I grew up loving Westerns. My favorites were of the lone gunman seeking some form of justice, in a world of the wild west, where the only kind of justice is the one a man makes. When I watched and fell in love with Sergio Leone’s Man with No Name trilogy, I was shocked to learn that he had based the character and story from another film from some Japanese director, Akira Kurosawa. Thus began my long love of Japanese cinema samurai films. From Kurosawa to Hideo Gosha, and Masaki Kobayashi. The exploration of a social construct like the Bushido code, that was used as a romantic lens on the actions of historical figures, to create incredible narratives has created some of the best stories in human history. At least, I’d like to think so. It doesn’t seem like I’m alone in thinking that either.
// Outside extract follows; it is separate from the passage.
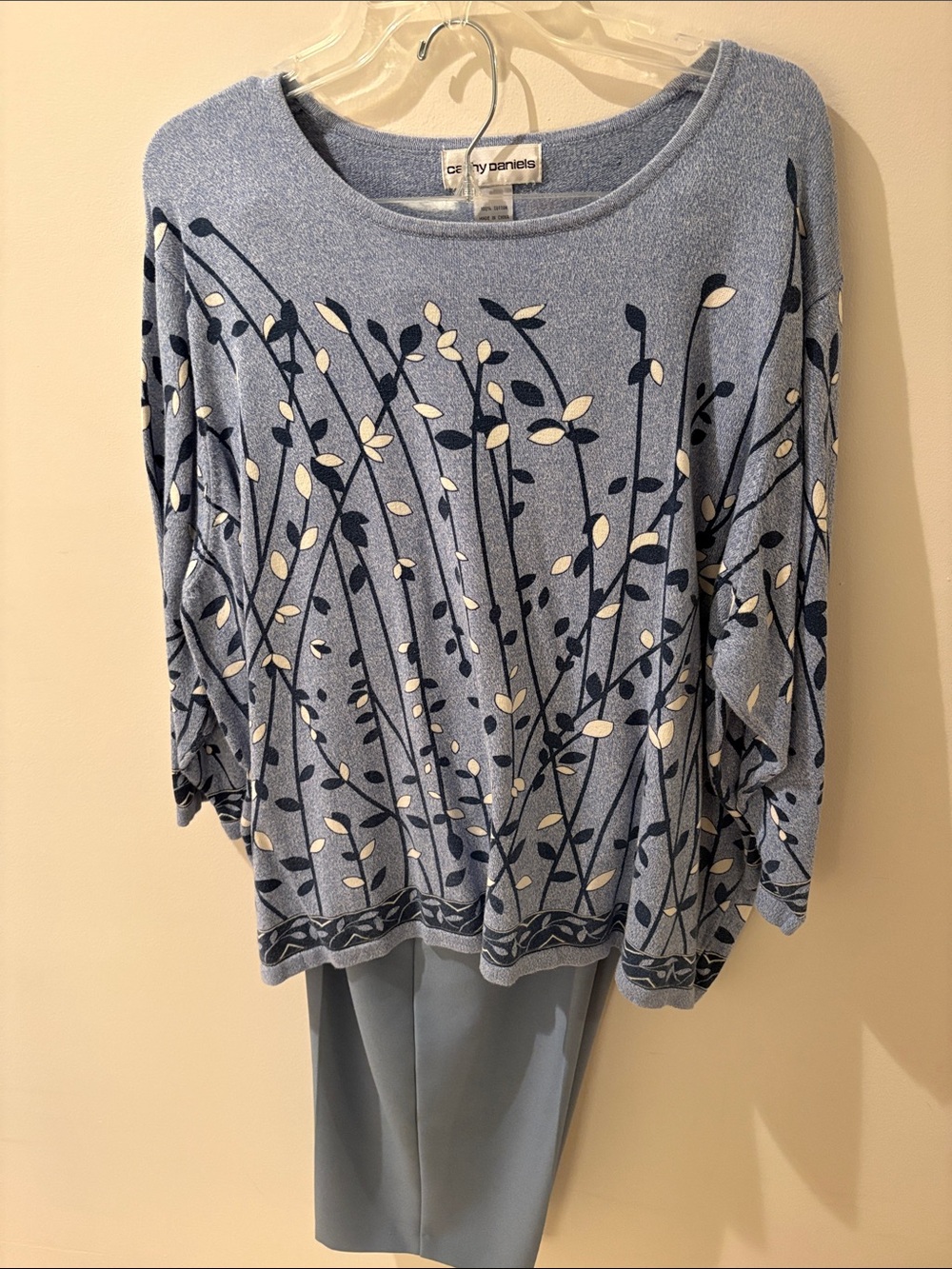 Cathy Daniels Light Blue Floral Scoop Neck Sweater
Sucker Punch Productions successfully created an open world adventure that respectfully explores the themes of samurai films, gives homage to the greats, and explores its own narrative. The game plays incredible, as both samurai and ghost techniques are needed to rescue the island home of the game’s protagonist, Jin, as he must throw back the Mongol invasion led by a member of the Khan dynasty, intent on making Japan the next conquest of one of the greatest empire the world has ever known. 

Like many great samurai films, Ghost tells a story of a man clashing against a code of society that dictates what he should do, with taking actions prohibited by it in order to do what he must. The concepts of war, victory and honor are questioned in the narrative, and even give leeway to ways on how to approach the game itself. An incredible duel system can be accessed in the game, letting players recreate those incredible epic moments from cinema. Contrary, the ghost weapons and assassinations are effective, require careful intuition, and execution. But their effects are devastating when used correctly. 

Although the game is extremely enjoyable, the story isn’t without its own issues. But what truly sets the game apart is its beauty. Vibrant colors, incredibly designed landscapes, beautifully crafted clothing and weapons, and more make this game a figurative feast for the eyes. And yet, in a bold move, Sucker Punch seemingly threatens that with a visual overhaul, dubbed “Kurosawa Mode” named for the famed director. Japanese language, English subtitles, and with a greyscale camera filter that captures the grit and grain of the legendary films, while able to convey the beauty and majesty of the island of Tsushima. 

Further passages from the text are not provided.